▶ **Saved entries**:
● ● ●
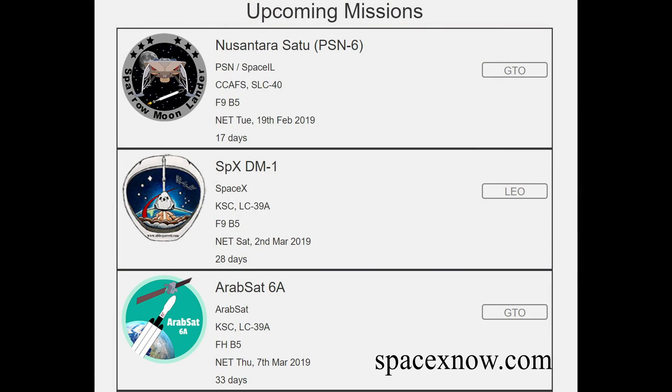We do have dates for the next three SpaceX launches. The first one is taking a lander to the moon on February 19th, followed by the Crew Dragon demo on March 2nd — hopefully that doesn't get pushed back anymore. And like I said earlier, the next Falcon Heavy will launch on March 7th, placing Arabsat into Earth orbit.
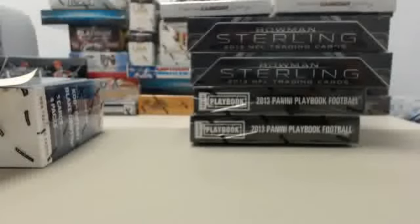Hey everybody, Big Ben Breaker back for another Steel City Break Room live break. You can join in on the fun by going to SteelCityCollectibles.com. Click the Live Breaks On Demand banner to see our live break eligible products and our live break deal of the day. From there, place your order, click the Break This Live For Me button, and we will break it live for you that very same day.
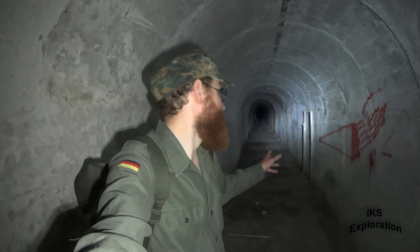Right, this is an air raid shelter in Dover — a long-lost one, abandoned. You're going to join me on this one, folks. Let's hit it.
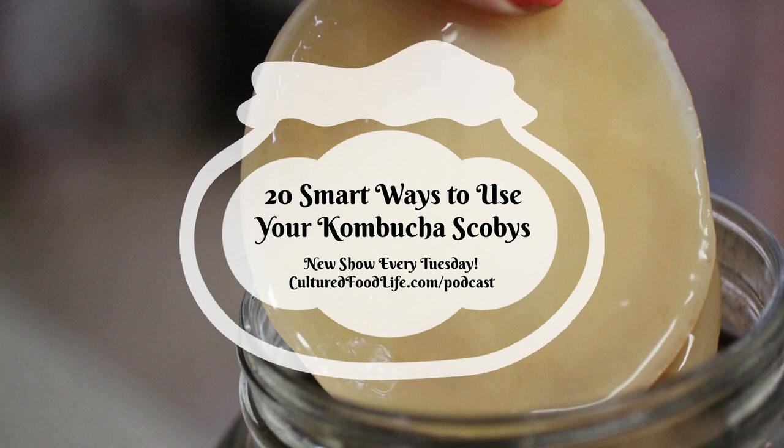Number five: scoby dog treats. Just dehydrate the SCOBYs if you have a dehydrator — cut them into little strands and you have probiotic treats for your dogs. I like to wipe on a little bit of Better Than Bouillon on the SCOBY itself before dehydrating. When it's done, give it to your dog. They love it, and it's a great way to use up your extra SCOBYs.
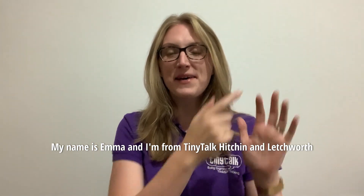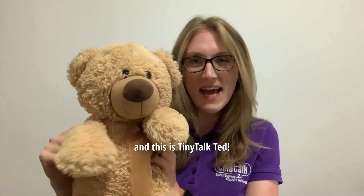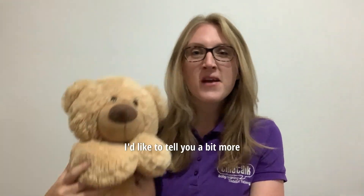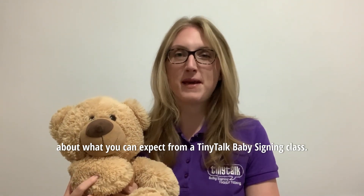Hi everyone! My name's Emma and I'm from Tiny Talk Kitchen in Letchworth and this is Tiny Talk Ted! Hello! I'd like to tell you a bit more about what you can expect from a Tiny Talk baby signing class.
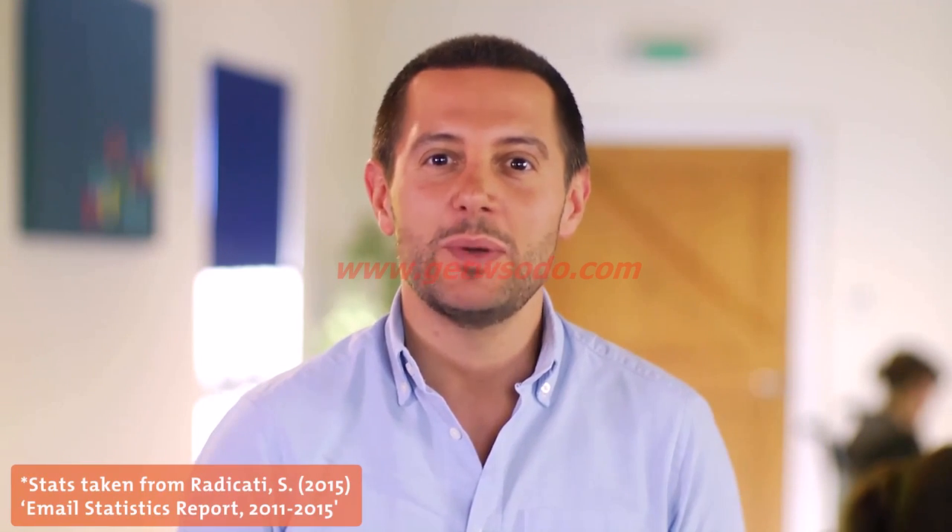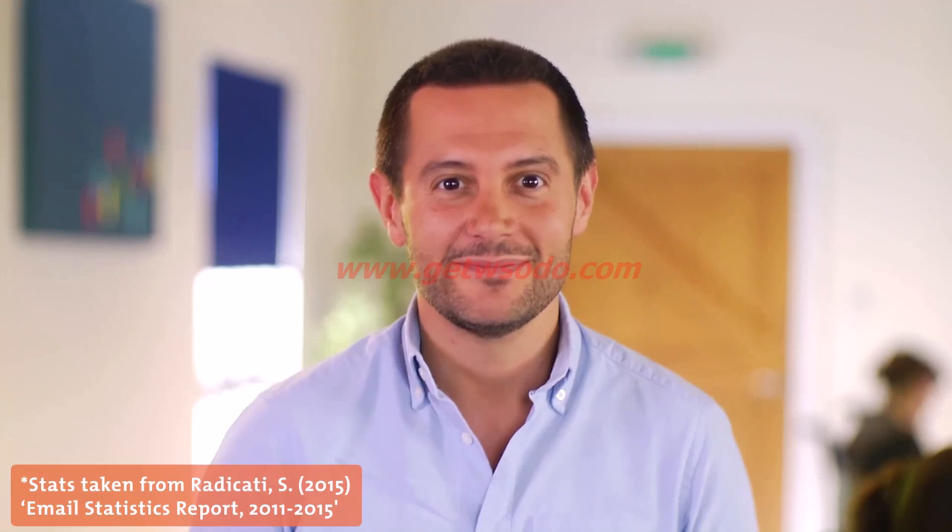Welcome to MindTools video learning series. Did you know that the average office worker receives around 80 emails a day? All of this incoming information can cause stress and tension, and may cause people to miss important messages that can get lost in the pile.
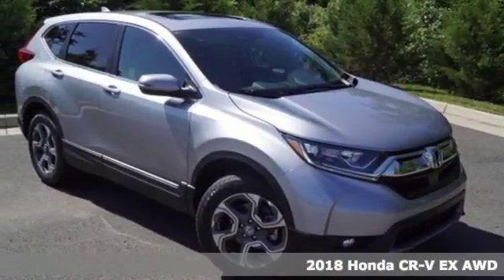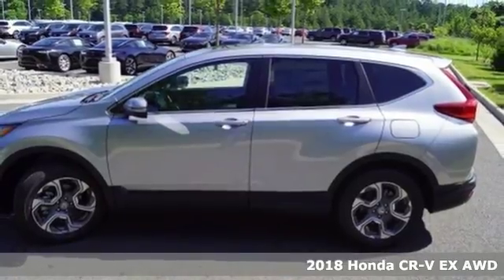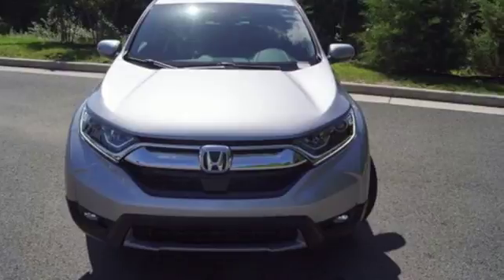It's a 2018 Honda CR-V. Check out this CR-V's fuel efficiency numbers, safety measures, and cargo capacity, and you'll be glad to drive it for the long haul.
● ● ●
▶ **EXERCISE INSTRUCTIONS**: Output every entry above exactly, minus the pictures.

▶ **YOUR SOLUTION**:
We do have dates for the next three SpaceX launches. The first one is taking a lander to the moon on February 19th, followed by the Crew Dragon demo on March 2nd — hopefully that doesn't get pushed back anymore. And like I said earlier, the next Falcon Heavy will launch on March 7th, placing Arabsat into Earth orbit.
Hey everybody, Big Ben Breaker back for another Steel City Break Room live break. You can join in on the fun by going to SteelCityCollectibles.com. Click the Live Breaks On Demand banner to see our live break eligible products and our live break deal of the day. From there, place your order, click the Break This Live For Me button, and we will break it live for you that very same day.
Right, this is an air raid shelter in Dover — a long-lost one, abandoned. You're going to join me on this one, folks. Let's hit it.
Number five: scoby dog treats. Just dehydrate the SCOBYs if you have a dehydrator — cut them into little strands and you have probiotic treats for your dogs. I like to wipe on a little bit of Better Than Bouillon on the SCOBY itself before dehydrating. When it's done, give it to your dog. They love it, and it's a great way to use up your extra SCOBYs.
Hi everyone! My name's Emma and I'm from Tiny Talk Kitchen in Letchworth and this is Tiny Talk Ted! Hello! I'd like to tell you a bit more about what you can expect from a Tiny Talk baby signing class.
Welcome to MindTools video learning series. Did you know that the average office worker receives around 80 emails a day? All of this incoming information can cause stress and tension, and may cause people to miss important messages that can get lost in the pile.
It's a 2018 Honda CR-V. Check out this CR-V's fuel efficiency numbers, safety measures, and cargo capacity, and you'll be glad to drive it for the long haul.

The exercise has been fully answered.